植え替えのサインはいくつかあり、鉢底や土の表面などの様子で見極められます。

鉢底の穴から根が出てきている・植物が大きく成長し鉢とのバランスが悪い・子株がたくさん出ていて鉢内で窮屈そう・根が鉢全体にいっぱいで水をあげても土に水が染みこんでいかない、などの状態は、植え替えに適したタイミングといえます。
前回の植え替えから大体2,3年位経つ頃に、再度植え替えが必要かどうかよく植物を観察してあげましょう。

植え替えにも種類があります。
根を切って株を分ける株分け、また、鉢のなかでいっぱいになった根を切って元々植えてあった鉢に戻す植え替えは、根を大々的にいじります。
このような根をいじる植え替えにベストな季節は、春暖かくなって気温が安定してくる5月頃です。成長が滞る寒い季節に植え替えをしてしまうと、ダメージを受けた根が復活しないままになり植物が枯れてしまうリスクがあります。

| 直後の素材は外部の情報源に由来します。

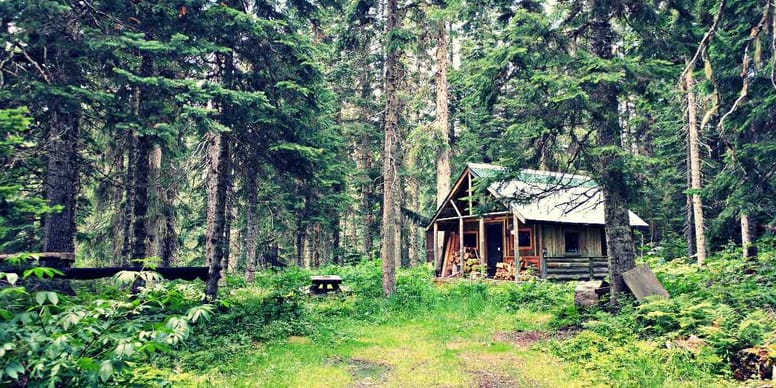 Wanderer kommen an eine Waldhütte, hören komische Geräusche und rufen sofort um Hilfe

鉢増しといって、根は崩さずそのまま周りに土を増やすような植え替えは、休眠する植物などの例外を除いて通年可能です。
が、できるだけ気温が安定した季節に植え替えしてあげると植物にとって心地良い植え替えとなり、より元気に成長してくれることが期待できます。

よく元気がなさそうなので植え替えが必要では?というご相談を頂きます。
このような時は、根を動かすことで植物により負担がかかってしまいますので、植え替えはおすすめできない状態です。
まずは植物の傷んだ枝葉を取り除き、陽当たりや風通しの良い環境に置き適切な水やりをして養生してあげましょう。再び元気に新芽が芽吹くなどしてきて状態が落ち着いてきたら、根の張り具合に応じてお植え替えを検討してもよいかもしれませんね。

これから暖かくなってきて、植物たちがすくすく育つベストシーズンがやってきます。
園芸の醍醐味のひとつともいえる植え替えを楽しみながら、植物と関わってみてくださいね。